Сабыргазы шепнул Егору, чтобы не гнал Семена до весны, а то напортачит. Потом ласково попросил того присматривать за новым лопоухим жителем села. С тем и ушел к себе за теплые горы, а глухой зимней порой редкие подмороженные путники принесли весточку с российской стороны, что Чжоу Фан снова при смерти, на этот раз по вине медведя. Видать, не написано невезучему на роду долгих лет и семейного очага. Что ж, тем менее виновен Сабыргазы. На том и успокоился.
Доктор Селезнев принадлежал к апологетам модного атеизма, иначе он разглядел бы проявление Божьей воли в регулярном гостевании невезучего китайца в новоникольском лазарете. Снова легкие шаги Глафиры зачастили из княжеских хором по хрусткому рождественскому снегу, снова среди бреда лежачих больных слышались китайские слова с непривычными для русского уха скачущими интонациями.
– Какой смельчак Федька‐то! – уважительно хвалила раненого приходящая помощница доктора бабка Степанида. – Не испужался на шатуна‐то… И на что только рассчитывал?
– А знаешь, баб Стеша, – вмешался в разговор Карп, чубатый крепыш с открытым лицом, на котором выступили симметричные свеколки здорового румянца, – иногда так бывает, что не до расчетов. Просто нельзя стоять в стороне или показывать пятки. Не по‐людски, да и не по‐божески.

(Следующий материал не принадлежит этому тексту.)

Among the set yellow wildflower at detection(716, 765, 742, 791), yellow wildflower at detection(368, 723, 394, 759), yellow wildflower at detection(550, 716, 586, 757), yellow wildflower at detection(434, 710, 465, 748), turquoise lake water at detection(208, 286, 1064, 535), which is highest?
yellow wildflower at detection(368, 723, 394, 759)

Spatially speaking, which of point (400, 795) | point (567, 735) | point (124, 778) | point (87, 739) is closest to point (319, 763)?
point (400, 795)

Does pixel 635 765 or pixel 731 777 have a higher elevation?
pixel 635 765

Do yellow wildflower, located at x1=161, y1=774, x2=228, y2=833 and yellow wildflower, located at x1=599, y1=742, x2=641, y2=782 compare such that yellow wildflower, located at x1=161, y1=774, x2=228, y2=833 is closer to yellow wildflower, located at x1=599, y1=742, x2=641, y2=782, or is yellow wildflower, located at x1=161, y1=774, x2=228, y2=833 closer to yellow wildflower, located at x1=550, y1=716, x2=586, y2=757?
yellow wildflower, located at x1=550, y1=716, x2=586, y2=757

– Да, случается, – сухо кивнул Селезнев, – но такой поступок в высшей степени нерационален.
Карп приходился родным братом Глафире и по ее поручению забежал проведать не пришедшего в себя Федора. Он обитал в городе, но в отличие от непутевого Сеньки действительно работал на заводе, а в Новоникольское наведался вместе с рождественскими бубенцами с гостинцами для матери и сестрицы. Суровая складка над бровями не больно гармонировала с беззаботной улыбкой, но, возможно, эта белозубая сердечность появлялась на лице только на улицах родного селения, там, где деревья и тропинки полнились детскими воспоминаниями.
– Вы, господин лекарь, твердите что хотите, но Федьку на ноги поставьте, – поднимаясь, проговорил он.
– Это уже становится цикличным, – хмыкнул Селезнев, – не успеваю его подлатать, как он снова ко мне на постой просится.
– Ничего, ничего, хороший хлопчик, полезный. Ну прощайте, низкий поклон от матушки моей Аксиньи Степановны да от Глафиры Матвеевны. Будьте здоровы и с праздничком.
После ухода Карпа бабка Степанида оживилась, застучала мисками и ложками, несколько раз уронила швабру, наводя блеск в палатах.
– Вы спешите куда‐то, Степанида Андреевна? – полюбопытствовал Селезнев.
– Спешу. Чую, Федька скоро в себя придет, хочу готовой быть.
– Что значит «чуете»?
– Загадала я: коли… – Она посмотрела на Селезнева и осеклась: с постели, на которой разметался истерзанный медведем Федор, раздался вполне членораздельный вопрос:
– Кто это?
– Фаня! Ты мой хороший! Феденька! – Баба Стеша запричитала и кинулась к больному с распростертыми объятиями.
Селезнев подошел к кровати и, довольно улыбаясь, произнес:
– Вы снова доказали, дорогой Фан, что жизнь поддерживается не крепостью сложения, а силой духа. Добро пожаловать в мое привычное царство.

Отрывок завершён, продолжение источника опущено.